Tulumun içinde 1 saat bize 20 saat gibi geliyor. Terleme, nefes alamama ve boğulma hissi oluyor. Zaten acil servislerimiz çok havasız ve çok fazla hastanın bulunduğu yerler. Yani yürümekte ve nefes almakta zorlanıyoruz. Bunun dışında hastaya müdahale etmemiz gerekiyor. Diğer hastaların sonuçlarına, müdahalelerine bakmamız gerekiyor. Bunlarla ilgili sıkıntılarımızı biz kendi aramızda da paylaşıyoruz. Halkın da bunu anlamasını bekliyoruz. Bu tedbirleri almazsak bizim virüse yakalanma riskimiz çok yüksek. Bir günde 100-200 koronavirüs hastasına bakan hekim arkadaşım, yakalanma ihtimalinden dolayı her gün endişe duyuyor. "
- "Tedbirsizce sokakta yürüyüş yapmak bile tehlikeli"
Pandeminin toplumda yayılma şeklini hastaneye gelen bir vaka üzerinden anlatan Erdur, "Genellikle hastalar, güvendikleri bir insanla sohbet ettiklerini, maske takmadıklarını anlatıyorlar. Bir keresinde aynı apartmandan 20-30 kişi gelmişti hastaneye. Apartman toplantısı yapmışlar, apartmanda birbirlerine gitmişler sadece apartman içinde olalım diye ama apartmanda 1 kişinin hasta olması yeterli bunun için. Bunun dışında düğünler, dışarıda olan gösteriler, tedbirsizce sokakta yürüyüş yapmak bile tehlikeli." dedi.
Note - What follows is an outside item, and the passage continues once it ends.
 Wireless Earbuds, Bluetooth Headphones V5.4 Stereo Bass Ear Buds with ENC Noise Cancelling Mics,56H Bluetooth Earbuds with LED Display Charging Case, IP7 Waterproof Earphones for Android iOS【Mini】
Bu dönemde birçok meslektaşının koronavirüsten dolayı vefat ettiğini hatırlatan Erdur, sözlerine şöyle devam etti:"İki uzman doktorumuz koronavirüs geçirdi. Sağlıklarına kavuştular fakat hala nefes darlıklarının olduğunu söylüyorlar. Akciğerde kalıcı bir hasar da bırakıyor. Ölümler çok hızlı artıyor. Halkımızın daha bilinçli daha dikkatli olması gerekiyor. Önlemlerimizi almalıyız. Bakanlığımızın bu konuda uyarıları var, bunlara uymalıyız. Bunun dışında bu kadar olay yaşanırken, sağlıkçılar psikolojik ve fiziksel olarak baskı altındayken, sağlıkta şiddeti gündemde tutmalıyız. Bu dönemde hastalanan, koronavirüse yakalanan ya da karantinada olan arkadaşların yerine de bakmak zorundayız. Bizden başka sağlıkçı yok. Bizim yerimizi dolduracak kimse yok. Biz kendimiz dolduruyoruz. Bu sefer de daha çok çalışma saati oluyor. Bizim için bunları halkımızın görmesi, gerekiyor."